There are some dim signs, however, that "Pharaonism" - Egypt First -- might be finding adherents among those who resent the large sacrifices that Egypt has made for “the Arab cause” or “the Islamic cause” (in other words, for the Jihad against Israel). The awareness of just how rich, and how decadent, the Gulf Arabs are, spreads not through campaigns of vilification, but through the observation of how those Gulf Arabs behave in Egypt, when they come to disport themselves, as they do when Western capitals are not quite as welcoming as before. Egypt does not have the hundreds of billions of dollars that the Gulf Arabs receive annually, and it lost a great deal in its wars with Israel. And if it were, by Hamas or still worse, by Iranian-backed Hezbollah, involved in another war with Israel, and were it again to lose the Sinai, the Egyptians surely know that this time, even the terminally-trusting Israelis would not give up the Sinai for a third time.
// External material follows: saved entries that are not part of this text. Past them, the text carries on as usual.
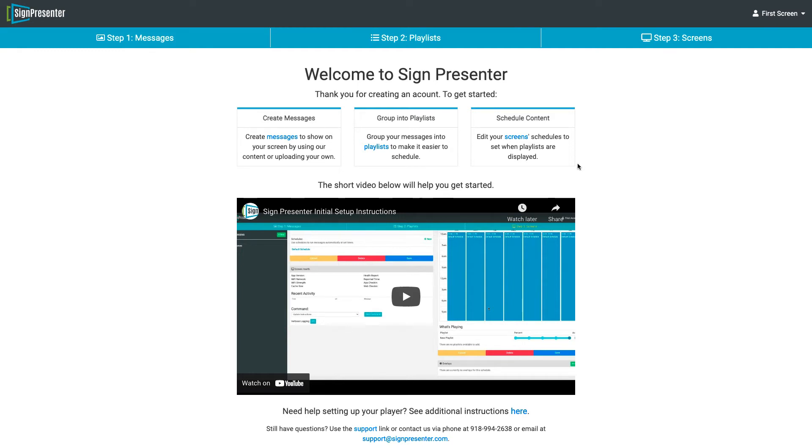Welcome to SignPresenter. In this video, we're going to go over how to quickly get a message onto your screen. We recommend you use Google Chrome. The Google Chrome browser is free and works great with SignPresenter.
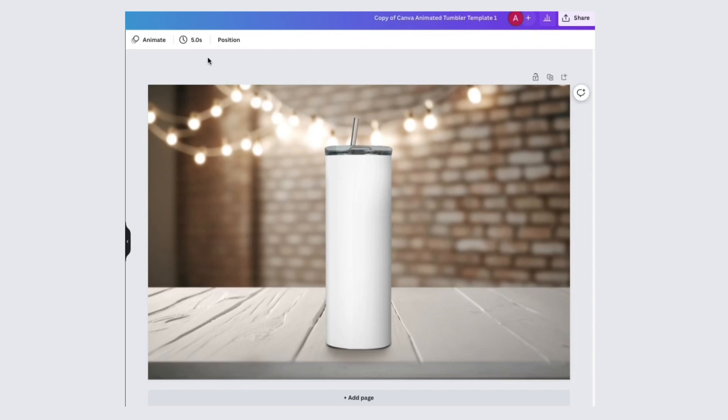Once you open your template, you want to click on the little clock icon and change your timing to around 10 seconds. I find that works best.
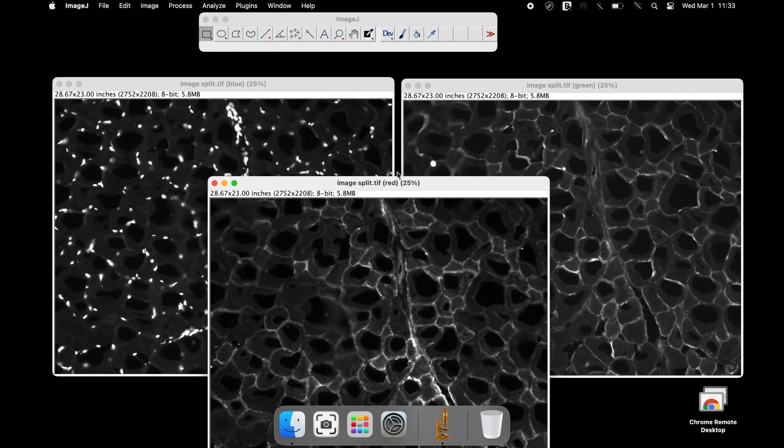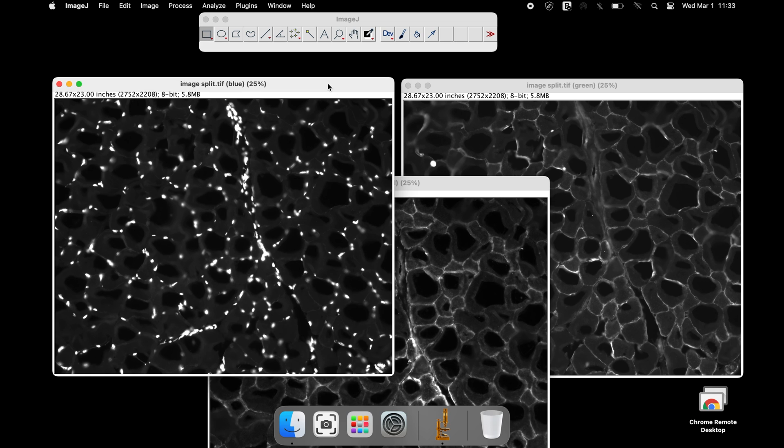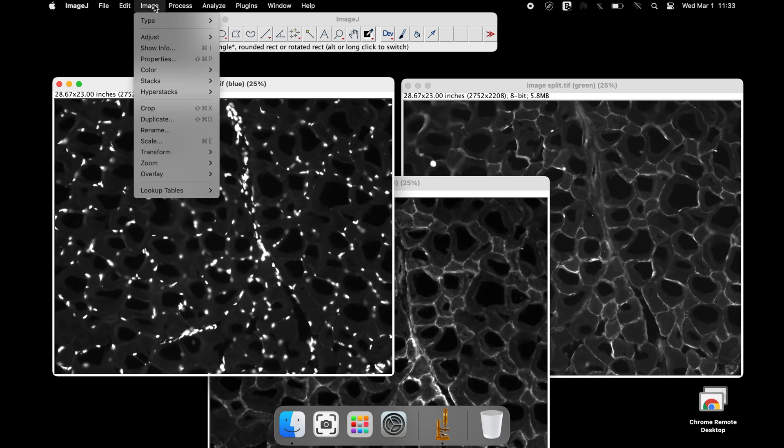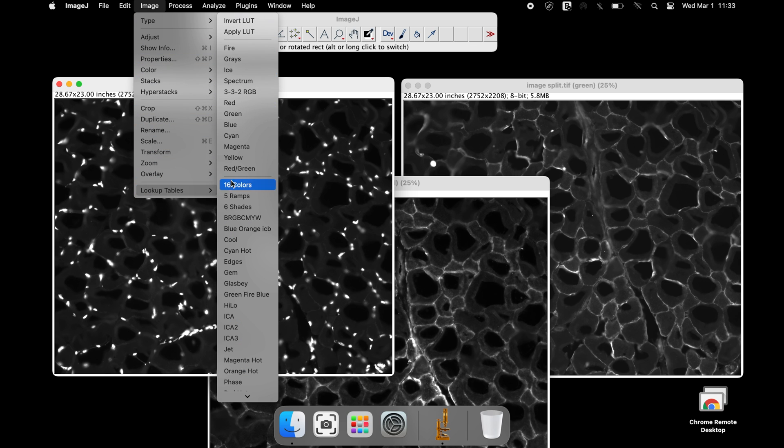The blue channel, the green channel, and the red channel colors. If the image output is grayscale, the image color can be applied again. Click on Image, Look Up Tables.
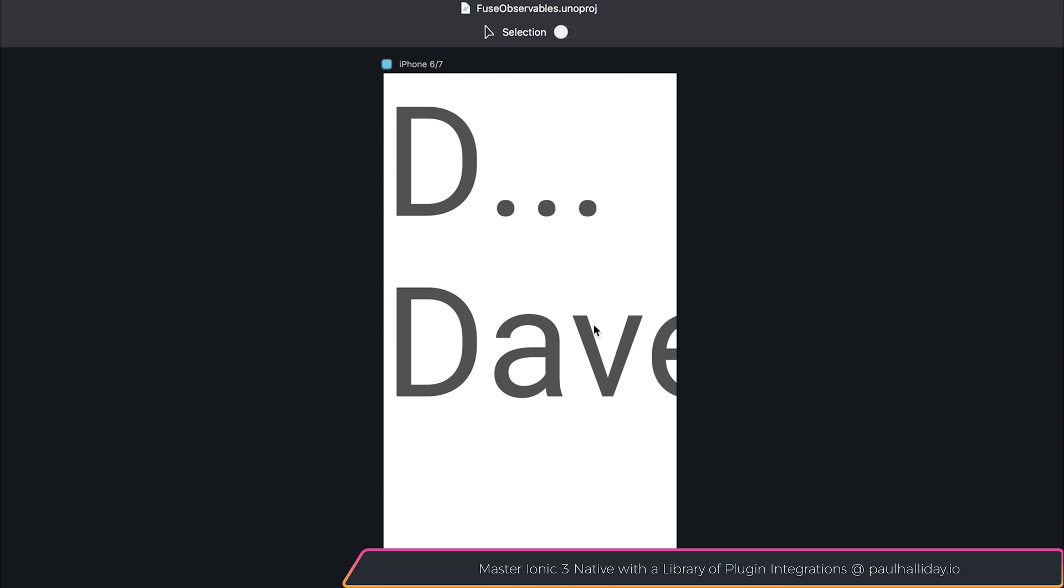Don't forget to check out paulhalliday.io for more courses and free videos. And until that time, hit that subscribe button to stay updated. And I'll see you soon in that next video.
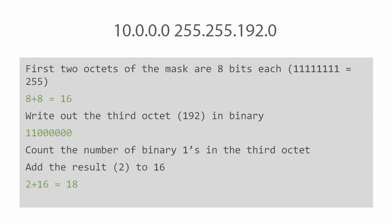Finally we add the result, two, to the number of bits from the first two octets, 16, and the result is 18. The subnet mask in slash or bit count notation is 18, so the answer would be 10.0.0.0/18. Now remember earlier I emphasized how important it is to know binary. Going from dotted decimal to slash notation is very easy if you know binary.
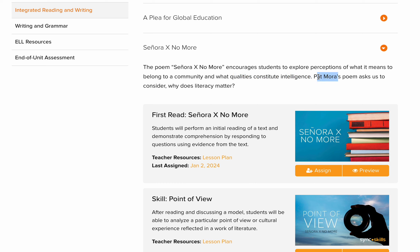Pat Mora is the name of the poet who wrote the poem. Pat Mora's poem asks us to consider why literacy matters. Literacy means the ability to read and write.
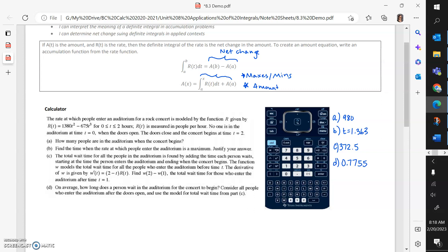For this first question, the rate at which people enter an auditorium for a rock concert is modeled by the function R of T, for T between zero and two hours. R of T is measured in people per hour. No one is in the auditorium at time T equals zero, so A of zero equals zero is a useful piece of information. The doors close and the concert begins at T equals two.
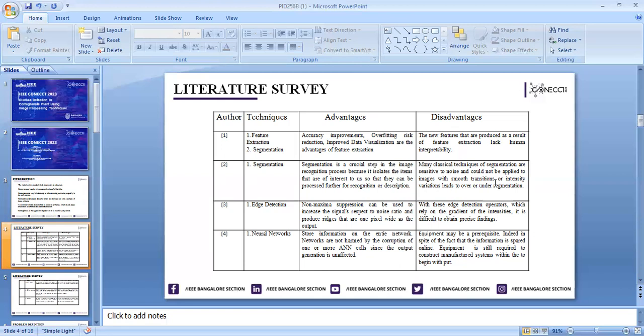Next technique is edge detection, which allows users to observe the features of an image for significant change. One drawback is that it relies on the gradient of the intensities, making it difficult to obtain precise findings. The next one is neural networks, also called artificial neural networks, where it stores information on the entire network, which gives good results.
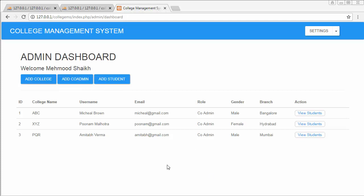Hi friends and subscribers, this is Mahmushik. From past few videos I am working on developing a college management system using PHP with the widely used framework CodeIgniter. In my last video I completed the functionality of editing student records, and in this video I will complete the functionality of deleting the student record.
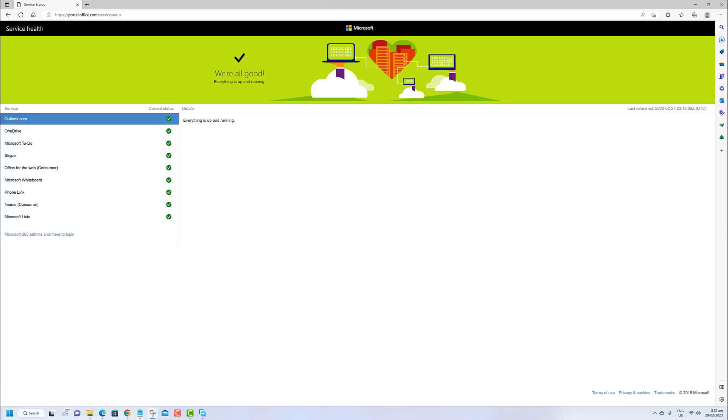This could be due to a service outage by your email service provider. To check if this is the case, you can verify the service status for Outlook.com. If the status is not green, it means there is an issue with the service. In this case, you should wait until the service is up and running normally before attempting to access your account again.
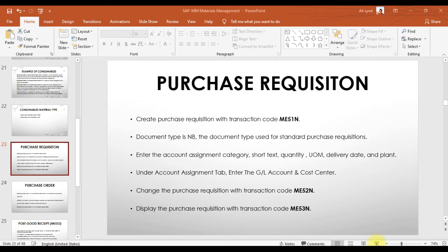This is our second video on the indirect material procurement cycle in SAP. In this video we are going to create a purchase requisition. To create the requisition, either use transaction code ME51N or navigate via the SAP menu: Logistics > Materials Management > Purchasing > Purchase Requisition.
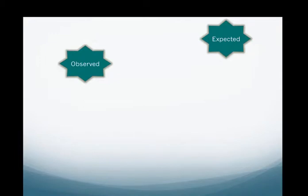By definition, a problem exists when there is a difference between what is observed and what is expected.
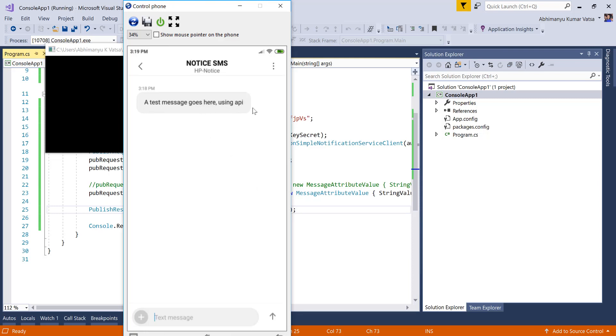Let's run the application — it looks like I received the message. You can see the text message here with the text 'using API', confirming it came from our project. So in this video you learned how to use AWS SNS to send text messages to phone numbers. I hope you liked it — thank you so much.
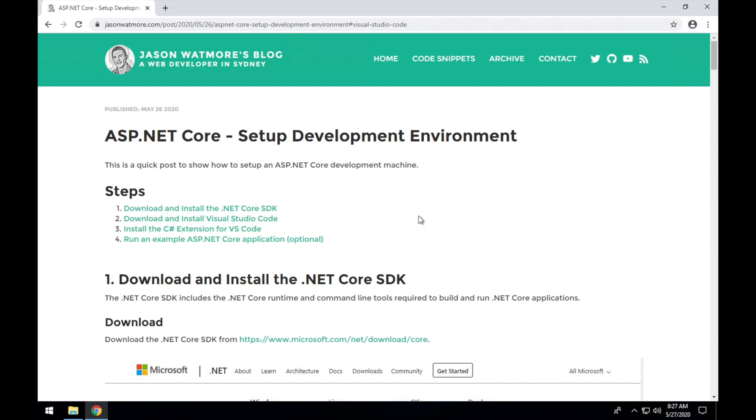Hey guys, this should be a quick video to go through the steps on how to set up a development environment for building and running ASP.NET Core applications.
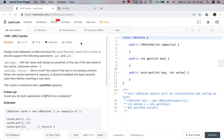Hello friends, today let's solve the LRU cache. Design and implement a data structure for least recently used cache. It should support the following operations: get and put. Get key: get the value of the key if the key exists in the cache, otherwise return negative one. Put key value: set or insert the value if the key is not already present. When the cache reaches its capacity, it should invalidate the least recently used item before inserting a new item. The cache is initialized with a positive capacity.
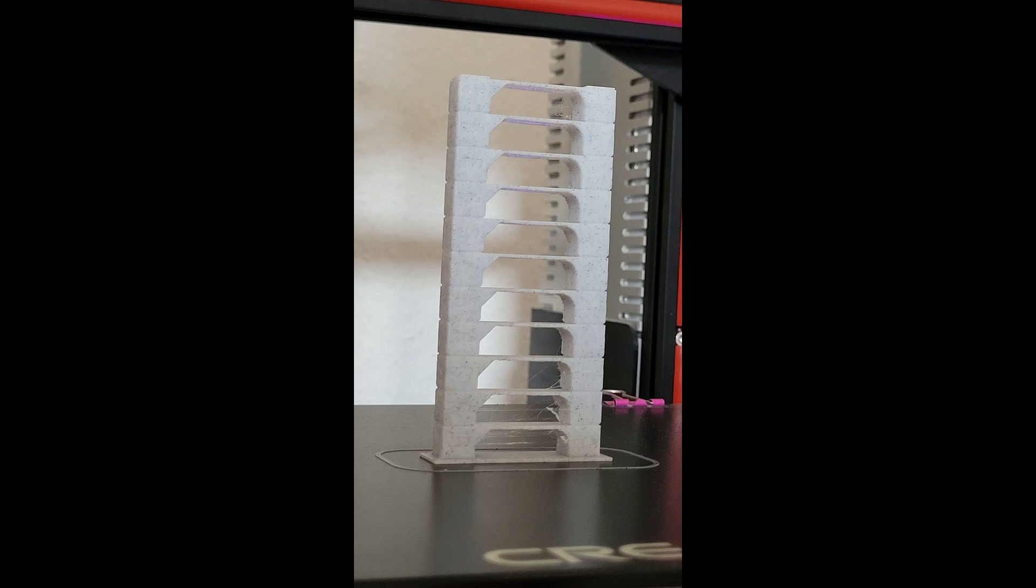To do that, we'll be using a useful plugin and printing a temperature tower to compare different temperatures. The temperature tower is a special model that consists of various sections with different temperatures. This will help us to find the optimal settings for our filament.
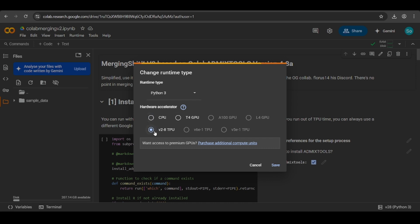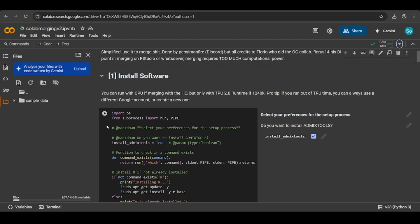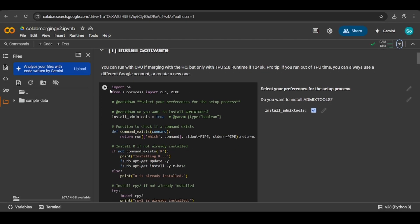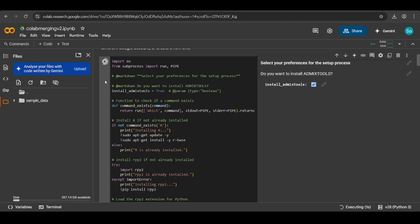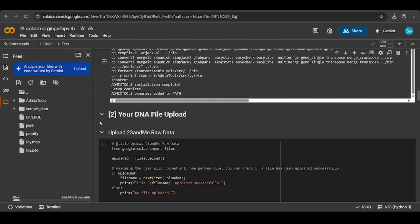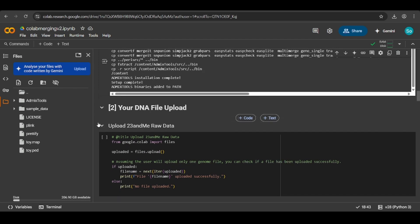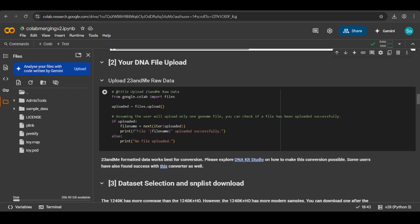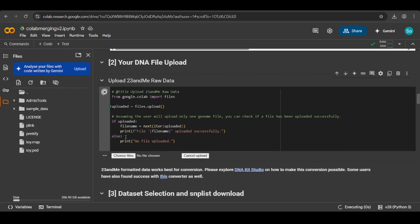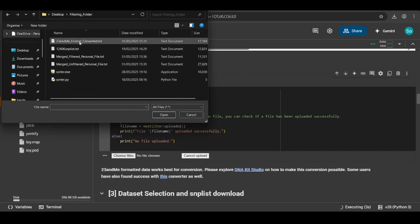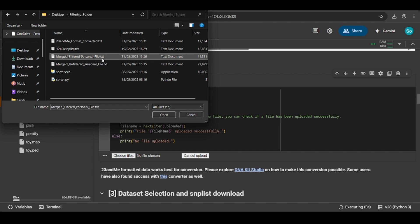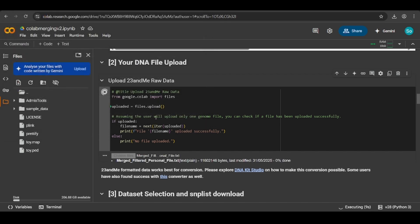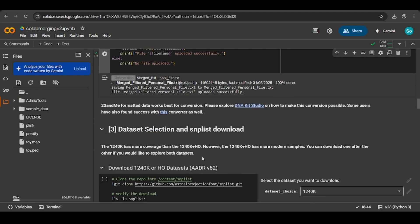You need to select TPU, hit save, and then you want to first install admixtools. Hit play. Okay, so now that's done, admixtools has been installed. Next, you want to upload your 23andMe raw data. Hit play, hit choose files, and from the filtering folder in the last tutorial, we have the merge filtered personal file. Click on it, click open, and then let it upload.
The wall being built between the Sinai and Gaza by the Egyptian government is an outward and visible sign of a diminished commitment by Egypt to the Jihad against Israel, one that repeated defeats, and the expense of war-making, made sense from an Islamic view but not from the point of view of Egypt's national interests. And as the contrast with the fabulously wealthy oil-rich Arabs grew, and Egypt's own losses and expected sacrifices were noted by Egyptians themselves, they began to resent the role that under Nasser, they had allowed themselves to be cast in, but that now, given Egyptian poverty and Egyptian resentment of the rich, but “uncivilized” desert Arabs, held less and less appeal.
Egypt First, can also mean an Egypt that is not only seen as seamlessly Islamic. The Copts in Egypt are not without influence, and they stand to gain from a policy of Pharaonism. They know, inside and outside Egypt, that they are descendants of the pre-Islamic Egyptians, those who continued to resist the islamization, and with it the arabization, that others did not resist (how many of the Muslim Arabs in Egypt could begin to recognize that their ancestors were Copts? More, or less, than the number of Pakistanis who might begin to ask under what conditions their Hindu ancestors were converted, through the desire to escape an unendurable existence, to Islam?).

The pictures above suggest that all the movement is one way, toward more and more Islam. But perhaps there are other movements, under the surface, among the most advanced Egyptians, who might find a way out of this re-islamization of the country through a variant of the "Pharaonism" that was promoted, in his own quiet way, by the most remarkable Egyptian of the last century -- not Saint Sadat, and certainly not the fatal over-reacher Nasser, but Taha Hussein, who in his own lifetime was persecuted by Muslims alarmed at his book “On Pre-Islamic Literature” and the charges he made, including statements about the Qur’an that alarmed the faithful, and forced him, the dignified and superior Taha Hussein, to recant before his intellectual inferiors, with their maddened faith threatened, themselves to him a threat.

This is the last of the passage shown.